The baker from Buitekant Street

A bread story . The symbolism and importance of bread throughout our known history as humans is significant. A symbolic foodstuff of international scope, bread is the quintessential human food. Its history goes hand in hand with the history of the human race itself, the simplest form of food perhaps in the history of everyday life and eating. It connects people to culture, to tradition, and sometimes to religion.

My research came up with this gem as well: Throwing of the bread . . . “During imperial Roman times, bakers, known as “pistories,” celebrated the Vestialies, on the ninth of June to Honor the goddess Vesta. In the Ovid, Roman poet Ovid tells of the worship of Jupiter the Baker. Bread played an important role during the attack of Rome by the Gauls in 287 BCE. The Romans prepared small loaves which they hurled at their assailants.

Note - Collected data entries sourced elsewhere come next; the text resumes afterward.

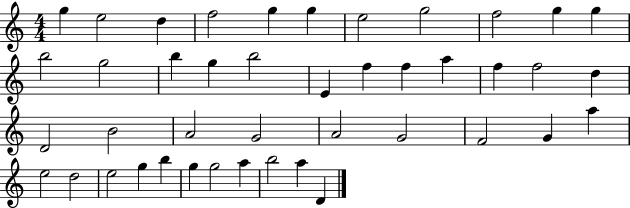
X:1
T:Untitled
M:4/4
L:1/4
K:C
g e2 d f2 g g e2 g2 f2 g g b2 g2 b g b2 E f f a f f2 d D2 B2 A2 G2 A2 G2 F2 G a e2 d2 e2 g b g g2 a b2 a D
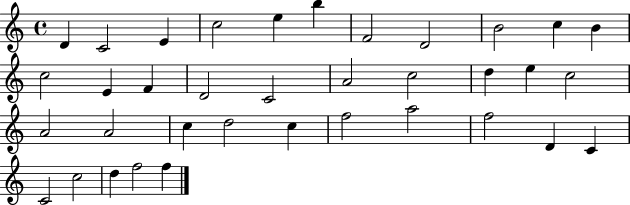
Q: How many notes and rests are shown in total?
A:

The Gauls had to conclude that Rome was so well-stocked that they could withstand a very lengthy attack indeed, if they could afford to use food as a weapon. The Gauls abandoned their siege; the Romans built a temple to Jupiter in gratitude.” (Source: Encyclopaedia of Food & Culture, 2003 Gale Cengage

A glimpse into the life of our friend Meraai, the baker from Buitekant Street, Swellendam.

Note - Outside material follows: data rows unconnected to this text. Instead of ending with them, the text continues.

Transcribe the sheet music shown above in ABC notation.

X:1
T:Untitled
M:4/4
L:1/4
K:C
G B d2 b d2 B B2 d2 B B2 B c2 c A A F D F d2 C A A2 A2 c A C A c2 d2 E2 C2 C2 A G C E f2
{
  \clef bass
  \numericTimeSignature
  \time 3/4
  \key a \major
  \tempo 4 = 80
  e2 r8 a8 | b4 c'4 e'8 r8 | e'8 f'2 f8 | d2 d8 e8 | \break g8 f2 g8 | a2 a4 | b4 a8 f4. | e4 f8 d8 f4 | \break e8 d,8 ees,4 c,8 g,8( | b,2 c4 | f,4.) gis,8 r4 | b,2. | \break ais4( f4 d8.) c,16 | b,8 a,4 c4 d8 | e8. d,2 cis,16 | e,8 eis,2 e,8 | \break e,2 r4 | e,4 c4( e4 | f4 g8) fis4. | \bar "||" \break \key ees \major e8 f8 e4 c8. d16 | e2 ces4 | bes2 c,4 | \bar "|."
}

The art of baking bread is amongst the most intimate things that we can do for another”

Meraai (Marietjie) is passionate about baking bread. Specifically, bread made in its purest form using only flour, water, and salt. She uses these three humble ingredients and transforms them into one of the most delicious and comforting foods, sourdough bread. “Slow bread” requires a sourdough starter (or levain). Levain is a mixture of water and flour that has been converted into a leavening agent through the process of fermentation. It can take up to three days of preparation before the breads are ready for her wood-fired oven. She prefers using stone ground flour which she combines with love and care, passion and total commitment.

Stone milling is the way flour was made for thousands of years before the age of electricity and mechanisation. There is a marked resurgence in the use of stone-ground flours as it thought to be more nutritionally sound because of the germ and bran. These are the parts that hold the flavour, too. In fact, stone-ground flours can taste too strong for some tastes as most people are used to baked goods where the flour stands in the background.

Meraai tells us a little bit about her daily baking experience, and about some of her adventures in bread making:

What a fulfilling moment when those loaves first come out of the oven! You hear them talk in soft crackling whispers… You smell the full flavour of quality stoneground sourdough. You touch it, break it, eat it… You are carried into an experience that involves all of your senses… This is the song of wheat.

This is Klonkas. collecting dead, dry wood once a week, from the surrounding forest for our wood-fired oven. THÍS is where our baking proses starts up for the week.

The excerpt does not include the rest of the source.